Big Data Analytics: Scalable machine learning using open-source tools with Rahul Iyer
5:30-6:30 pm Pizza and networking
6:30-8:00pm Talk and Q&A
8:00-8:30 pm Wind down
With the explosion of big data, the need for fast and inexpensive analytics solutions has become a key basis of competition in many industries. Extracting the value of big data with analytics can be complex, and requires advanced skills.
At Pivotal, we are building open-source solutions (MADlib, PivotalR, PyMadlib) to simplify this process for the user, while maintaining the efficiency necessary for big data analysis.
This talk will provide information about MADlib, an open source library of SQL-based algorithms for machine learning, data mining and statistics that run at large scale within a database engine, with no need for data import/export to other tools.

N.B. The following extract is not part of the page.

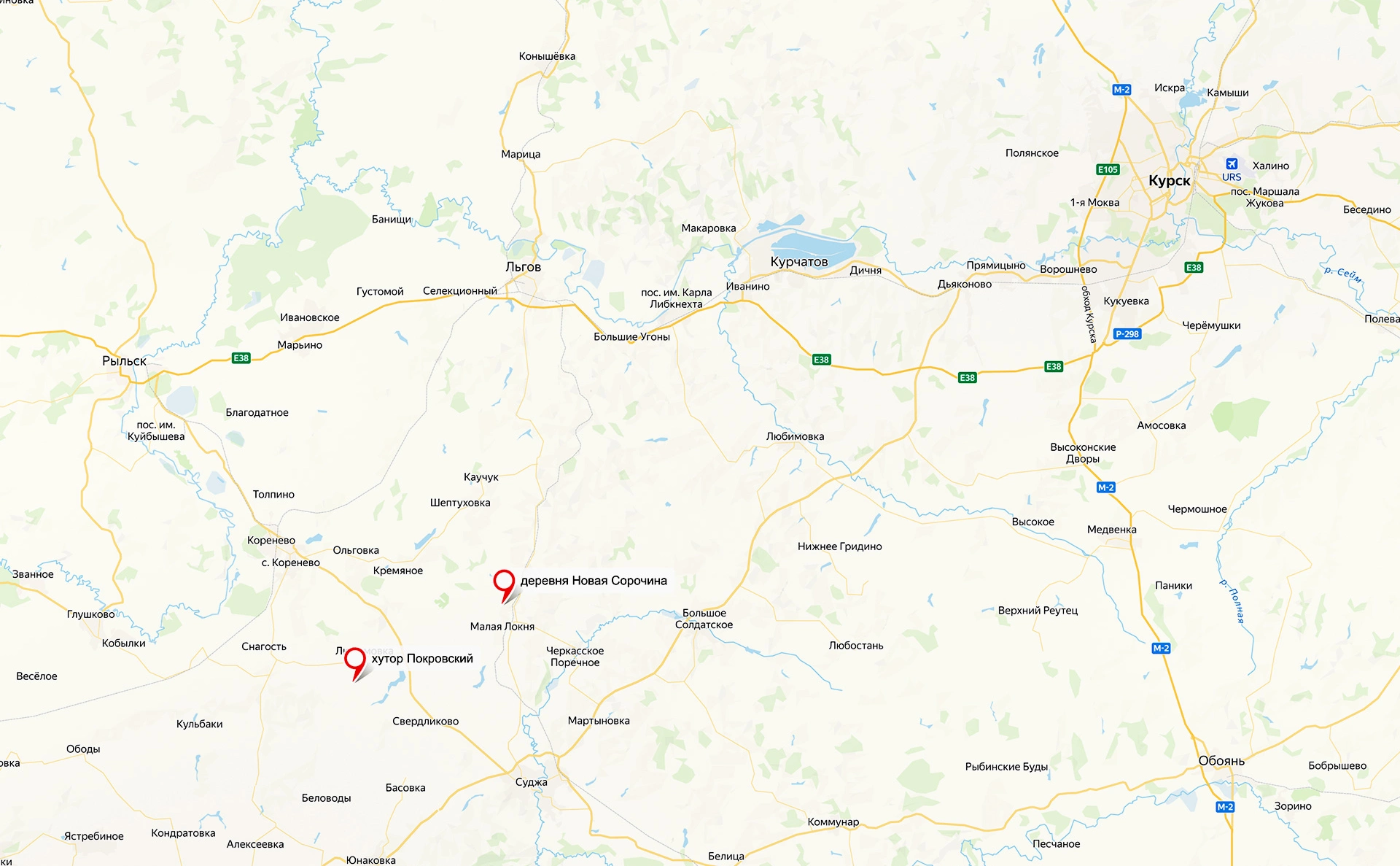 сервис «Яндекс.Карты»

It provides an overview of the library’s architecture and compares various statistical methods with those available in other open-source packages like Spark and Mahout.

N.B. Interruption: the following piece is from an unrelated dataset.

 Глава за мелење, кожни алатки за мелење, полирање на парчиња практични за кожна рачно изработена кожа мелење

We also introduce, PivotalR, a R-based wrapper for MADlib that allows data scientists and programmers to access power of MADlib along with the ease of use of R.
About the speaker: Rahul Iyer
Rahul Iyer is a Senior Developer in the Predictive Analytics team at Pivotal. He has a background in the field of robotics and machine learning, and holds a PhD in Computer Science from the University of Texas at Austin.
As part of this doctoral research, he worked on building computational model simulations for human walking using realistic musculoskeletal models. At Pivotal, he primarily works towards developing novel solutions for large-scale machine learning problems, contributing to open-source tools like MADlib and PivotalR. Outside of work, he enjoys travel, photography and racquetball.